DATASET SECTION:
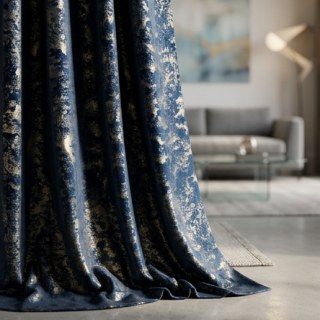 Enigma Sheen Navy Blue Gilded Velvet Curtains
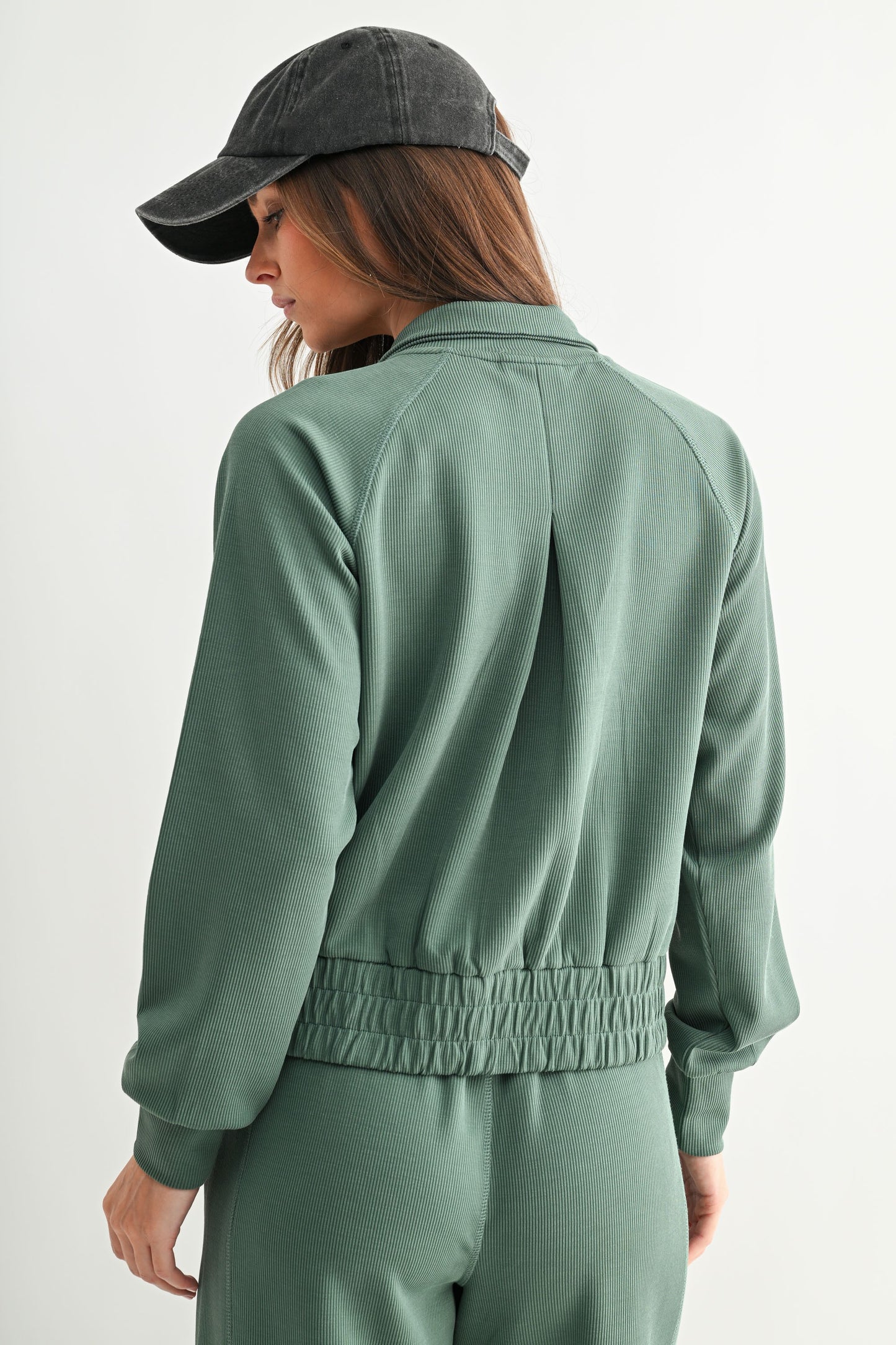 Mono B Luxe Sand Wash Rib Zip Jacket DOORBUSTER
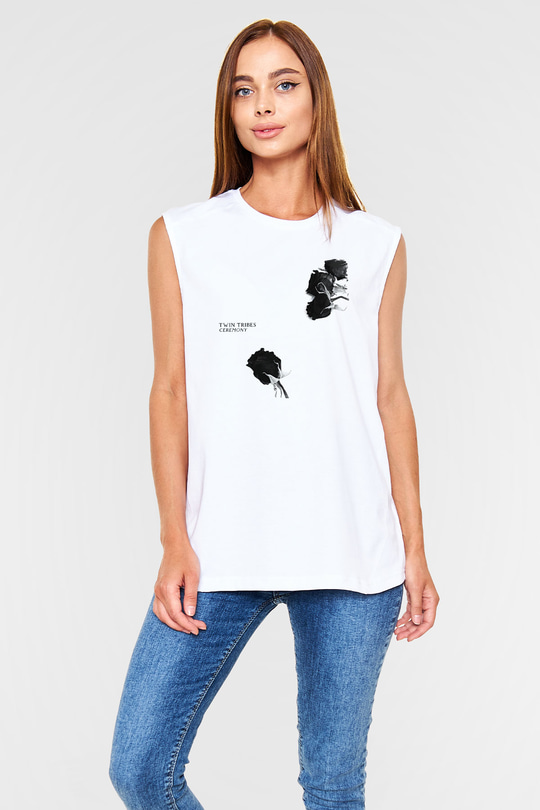 Twin Tribes Baskılı Beyaz Unisex Kolsuz Tişört - Tshirt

PROBLEM: An exact copy of every line above, minus the pictures, is the required output.

ANSWER:
 Enigma Sheen Navy Blue Gilded Velvet Curtains
 Mono B Luxe Sand Wash Rib Zip Jacket DOORBUSTER
 Twin Tribes Baskılı Beyaz Unisex Kolsuz Tişört - Tshirt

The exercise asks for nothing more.